The Major spoke first. “This
guide knows the shortest route. He will take
you safe past all the man traps you should
sleep but one night on the trail. Give my regards
to Lindsey, Sears, everybody.”
Ahma looked from one to the other,
not quite understanding what they said, but understanding
fully what they did not say. That showed in the
face of each.
“Major, I have never said anything
about your how I feel about your risking
the Hills to search for me, when it meant almost certain
death.”
Death!... For an instant the
Major again stood helpless in the dark woods behind
Lindsey’s plantation embraced in coils of steel
that quivered, and heard the crash of delivering shots....
He searched the white face, in which the lines of
suffering from a chivalrously contracted fever still
lingered. An extraordinary warm cataract suddenly
obscured his vision.
“Sus-marie-hosep!” he spluttered.
“Good-by.”
Their hands gripped hard in an abiding
friendship, then Terry turned to Ahma doubtfully,
at a loss as to how to bid adieu to this creature
of the Hills who knew so few of the white man’s
words or usages. He found, too, a source of embarrassment
in her new capacity of wife. As she gazed up
at him he looked away in boyish confusion.
The Major grasped the situation and
addressed her very slowly in English: “Ahma,
say good-by to him.”
As she nodded brightly, understanding,
the Major turned to Terry as proud as Punch:
“You see she is learning fast!
Can’t you imagine her, all dressed up and everything,
in Europe?”
Terry focussed his eyes safely upon
the white line that marked the part in her hair, and
carefully pronounced each English word.
“Ahma, I am leaving for a while. Understand?”
She bobbed the dark head: “I do,”
she said.
The memories wrought by the limpid
“I do” were a bit unsettling. He
addressed the jet locks again: “Good-by.”
She looked at the capable hand he
extended toward her, puzzled at the gesture, then
looked at the Major. He said a single word in
dialect and her small white teeth glistened in a smile
of comprehension. She approached close to Terry.
“I know. You say good-night.
I know how to good-night.”
Her concentration upon the unaccustomed
pronunciations was bewitching. To relieve the
strain of embarrassment he felt in her closeness to
him, he turned to the grinning Major.
“As you say she does
learn quickly,” he offered, rather vaguely.

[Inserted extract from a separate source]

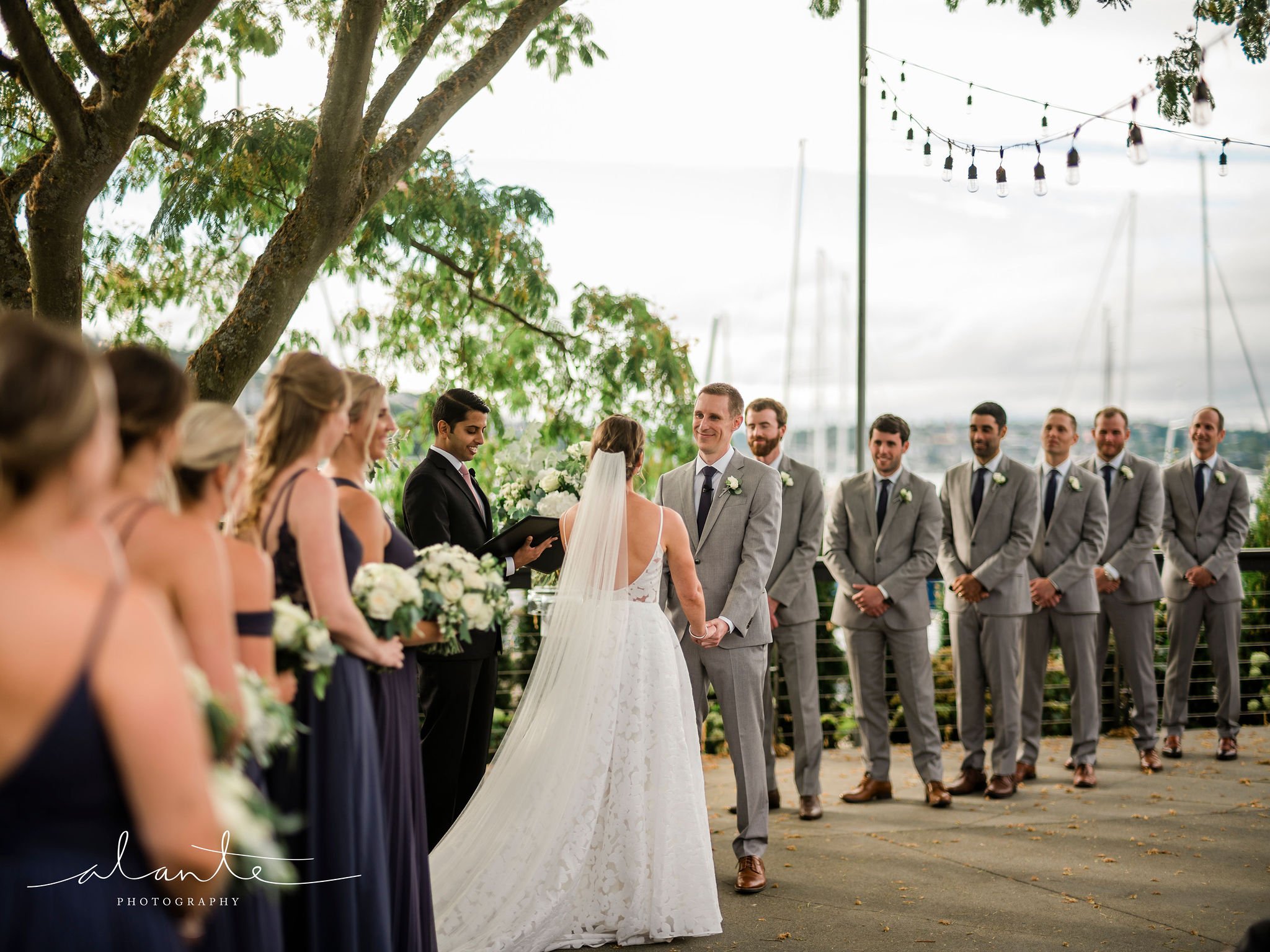Alante-Photography-Seattle-Washington-Wedding-Dockside-Dukes-Lake-Union-124.jpg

She came closer still. “Yes,
I know how to good-night!”
she trilled: “Good-night is kiss!”
She called it “Keez” but
Terry understood. If he did not then he did an
instant later when he felt the clasp of warm round
arms, the molding pressure of a soft form and the
swift impress of full sensitive lips.
Loosed, he straightened up. His
blush was explosive. Bewildered, he shrugged
the light pack higher on his shoulders and gestured
his readiness to the warrior who had stood watching
the inexplicable ways of these strange white folk.

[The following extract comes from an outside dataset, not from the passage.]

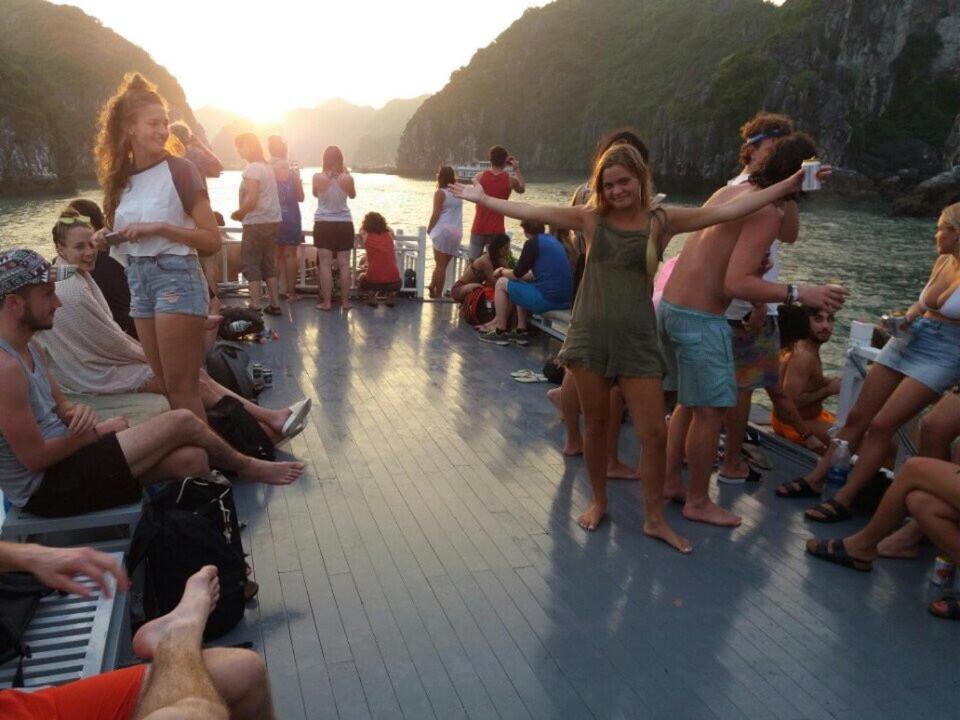 Sea Dragon Hotel Dong Khe Sau Bagian luar foto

Following the Hillman, Terry set off
across the glade. Midway down the green sward
he wheeled.
“I should say she DOES learn
fast!” he called. “You won’t
need to take HER to Europe!”
The two stood watching him as he followed
the powerful little savage. As the forest swallowed
up the slim form the Major blinked rapidly, and gripped
the little hand he held.
“Sus-marie-hosep!”
he exclaimed huskily. “But won’t they
be glad to see him in Davao! And in Zamboanga!”